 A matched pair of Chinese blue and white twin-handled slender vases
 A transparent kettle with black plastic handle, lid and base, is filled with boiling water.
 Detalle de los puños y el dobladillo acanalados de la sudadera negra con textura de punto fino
##########
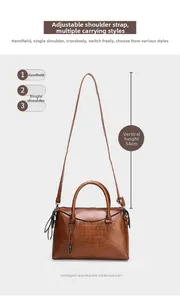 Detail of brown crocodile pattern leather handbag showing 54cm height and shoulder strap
##########
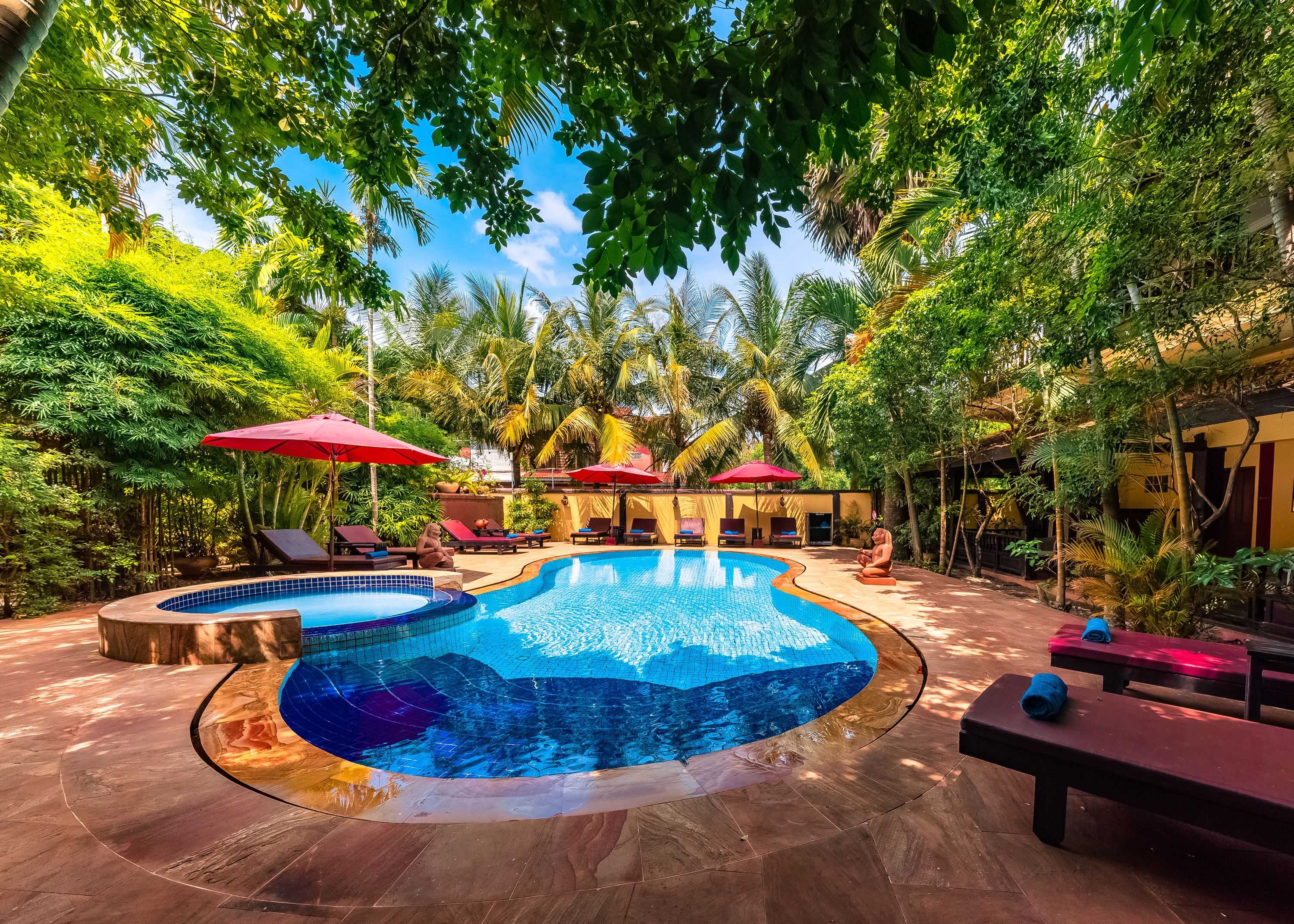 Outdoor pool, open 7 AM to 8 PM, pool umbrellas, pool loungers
##########
What to work on:
Retype, in the same exact form, the lines of the material above from the line holding "A transparent kettle" through the line holding "Detalle de los".

Response to this task:
 A transparent kettle with black plastic handle, lid and base, is filled with boiling water.
 Detalle de los puños y el dobladillo acanalados de la sudadera negra con textura de punto fino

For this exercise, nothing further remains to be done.